Outcomes at 52 wk Lamivudine EER Placebo CER RRR (95% CI) ARR |EER-CER| NNT (CI)
AIDS or death 9% 20% 53% (38 to 64) 11% 10 (7 to 15)
Overall death 2.5% 5.9% 57% (27 to 75) 3.4% 30 (16 to 80)

*Abbreviations defined in Glossary; RRR, ARR, NNT, and CI calculated from data in article.


This large, finely designed, and carefully done study has shown the short-term superiority of lamivudine plus zidovudine-based therapy compared with zidovudine-based therapy alone. Unfortunately, despite being "fast-tracked" (published within 4 wk of receipt), the study no longer reflects state-of-the-art therapy. Indeed, except in rare situations, a regimen consisting solely of nucleoside reverse-transcriptase inhibitors (NRTIs) is now considered suboptimal. Although no differences were seen, the addition of an NNRTI, loviride, was also evaluated. The study, however, did not have sufficient power to detect a clinical benefit.

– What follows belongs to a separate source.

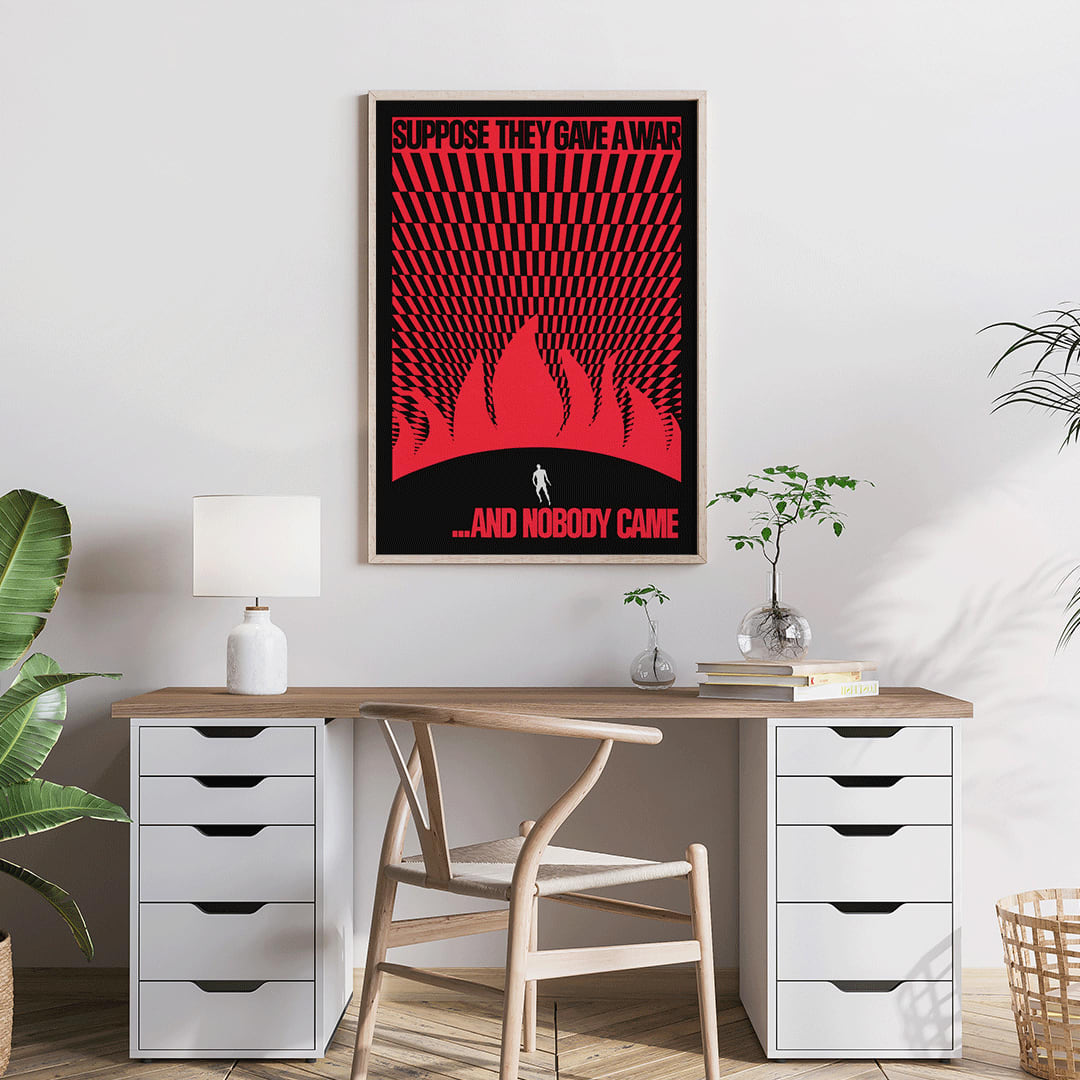 Man on hill facing flames poster by Gary Yanker titled Suppose They Gave a War and Nobody Came Prop art New York, framed and displayed in home decor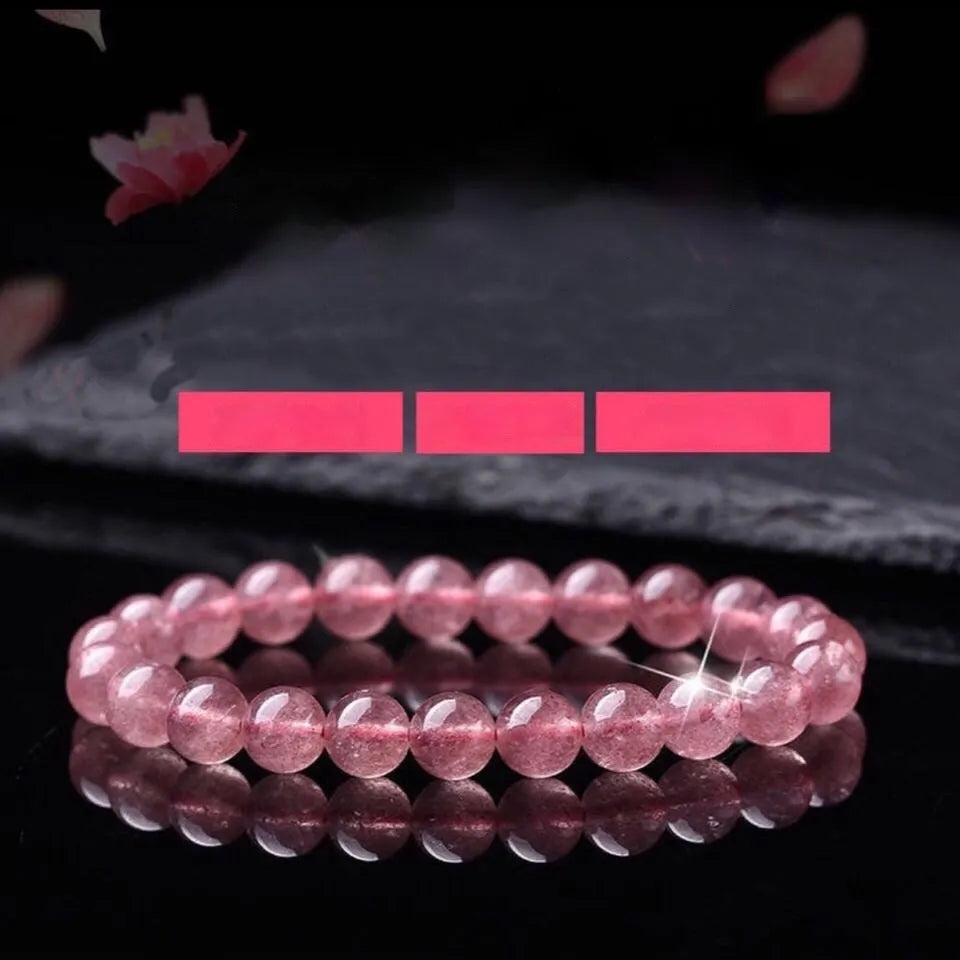 Women's strawberry quartz crystal bracelet with polished beads on a wrist.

The lack of therapeutic effect of NRTIs was clearly shown in this study. The reduction in viral load with the combination of NRTIs was relatively small (less than 1 log) and not sustained, returning nearly to baseline within 28 weeks. Although combined NRTIs provide a short-term benefit, the goal of antiretroviral therapy should be a sustained, substantial reduction in virus.

Recently published guidelines now propose 2 NRTIs plus a protease inhibitor as the most efficacious regimen for persistent viral suppression—approximately 80% of compliant patients will respond with a plasma viral load below detectable levels (1). Judicious therapy will only be effective and remain as such if compliance is assured. Whether prolease inhibitor combinations or a combination of a prolease inhibitor with an NNRTI plus NRTIs is superior remains unknown. Studies in progress that assess these and other therapeutic agents will determine the most effective protocols. However, such studies as the Canada, Australia, Europe, and South Africa (CAESAR) trial have laid the foundation for our current treatment recommendations.

Aaron E. Glatt, MD
Catholic Medical Center of Brooklyn and QueensJamaica, New York, USA


1. Carpenter CC, Fischl MA, Hammer SM, et al. Antiretroviral therapy for HIV infection in 1997. Updated recommendations of the Internationl AIDS Society-USA Panel. JAMA. 277;1997:1962-9.